L.H.S. $=a^{3}+b^{3}+c^{3}+3abc +\displaystyle \sum_{sym} a^{2}b$

$\geq 2 \displaystyle \sum_{sym} a^{2}b$ by Schur's inequality

$\geq 12abc$ by AM-GM inequality.

Equality is attained when $a=b=c$ .

R.H.S. $=2Nabc+N\displaystyle \sum_{sym} a^{2}b$

$\geq 2Nabc+ 6Nabc$ by AM-GM inequality

$=8Nabc$

Equality is attained when $a=b=c$ .

Since L.H.S. $\geq$ R.H.S. $\geq 8Nabc$ ,

we have L.H.S. $\geq 8Nabc$ .

However, we have already proven that the minimum of L.H.S. is attained at $12abc$ .

Therefore $8N=12$ , which simplifies to $N=\frac{3}{2}$ .

This gives $m=3,n=2$ , hence the answer $3+2=\boxed{5}$ .

Moderator note:

This solution is non-sensical. Do you see why?

Calvin Lin Staff - 5 years, 3 months ago

@Calvin Lin I am not quite sure, but I think it has to do with

Since L.H.S. $\geq$ R.H.S. $\geq 8Nabc$ ,

we have L.H.S. $\geq 8Nabc$ .

Can you explain why this approach is wrong?

ZK LIn - 5 years, 3 months ago

Depending on your interpretation / thoughts as you were writing it up:

Even if it's true that $LHS \geq 8 abc$ , how does that imply that $LHS \geq \frac{3}{2} (a+b)(b+c)(c+a)$ ? All that we have is $\frac{3}{2} (a+b)(b+c)(c+a) \geq 8 abc$ .
In essence, we want $\frac{LHS}{ (a+b)(b+c)(c+a) } \geq N$ . To continue your approach (where we treated the terms independently, we have to minimize LHS and maximize $(a+b)(b+c)(c+a)$ .
It is useful to list inequalities as "Want to show" or "It is equaivalent to show that" VS "We know that". It can be easy to mix these up when we have a long list of statements written down.
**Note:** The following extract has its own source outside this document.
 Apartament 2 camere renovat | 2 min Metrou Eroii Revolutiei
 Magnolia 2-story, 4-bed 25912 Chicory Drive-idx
Calvin Lin Staff - 5 years, 3 months ago

@Calvin Lin – @Calvin Lin In order to try to understand what has gone wrong, I go over my thought process while solving this question and try to reconstruct the whole argument backwards, starting from the fact that L.H.S. $\geq 12abc$ (We know this is true from Schur's + AM-GM). Therefore, if L.H.S. $\geq 8Nabc$ , then such greatest $N$ is $\frac{12}{8}=\frac{3}{2}$ .

From L.H.S. $\geq 8Nabc$ , we have L.H.S $\geq$ R.H.S. $\geq 8Nabc$ . The first part of the inequality is given in the question while R.H.S. $\geq 8Nabc$ is separately proven above .
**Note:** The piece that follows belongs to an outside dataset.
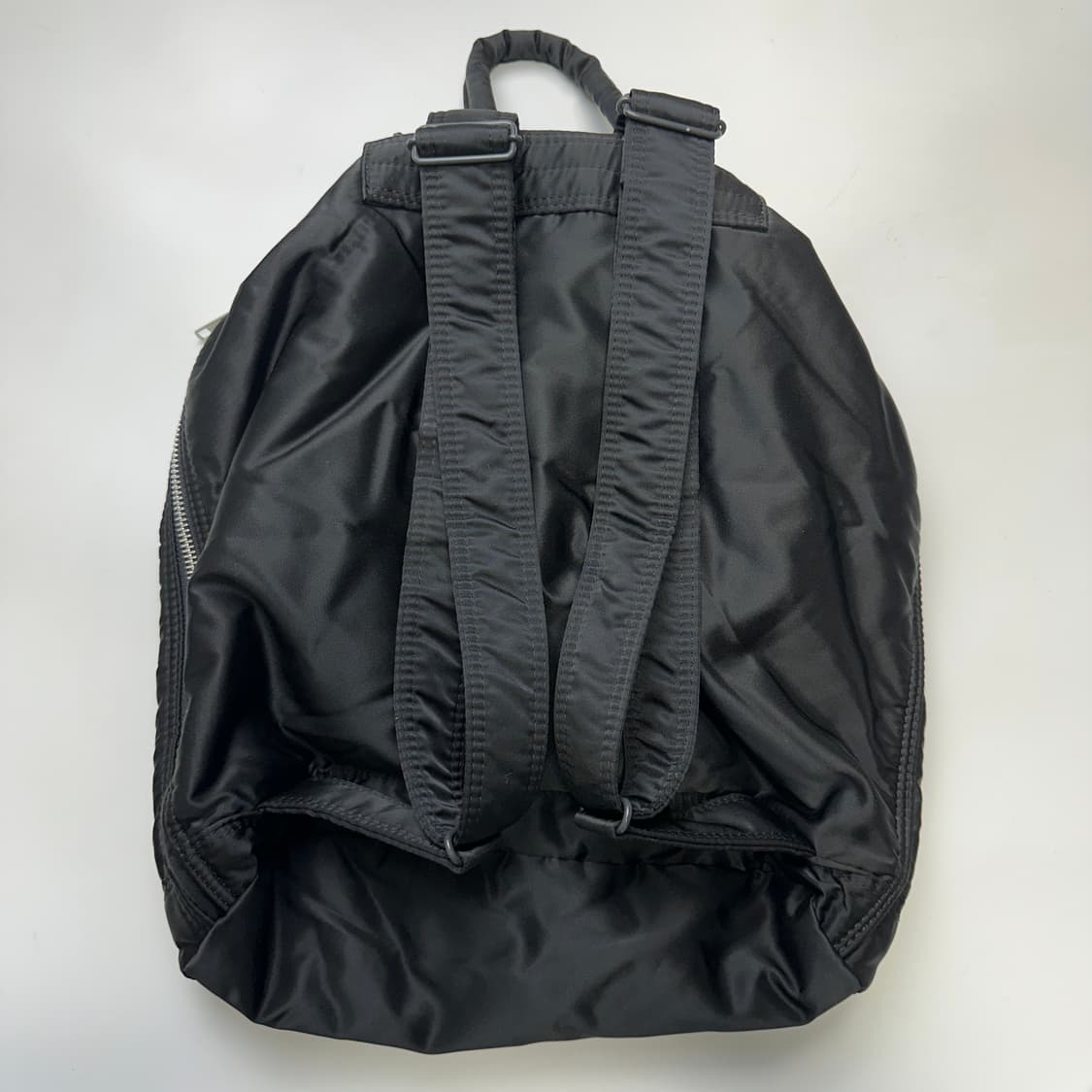 PORTER TANKER RUCKSACK 포터 탱커 럭색 백팩 상품이미지10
Therefore, we have L.H.S. $\geq$ R.H.S , or

$(a+b+c)(a^2+b^2+c^2)+3abc\geq N(a+b)(a+c)(b+c)$

substitute $N=\frac{3}{2}$ , the inequality should in theory, hold, and we note that such $N$ is the maximum permitted.

I think the bolded part is fallacious. I committed a logical fallacy while assuming L.H.S $\geq$ R.H.S. $\geq 8Nabc$ implies L.H.S. $\geq$ R.H.S for all $N$ in the backward proof when in actual fact, the sign of the inequality might flip depending on the value of $N$ . In other words, I cannot assume that the inequality holds, find the maximum $N=\frac{3}{2}$ and claim that I have solved the problem.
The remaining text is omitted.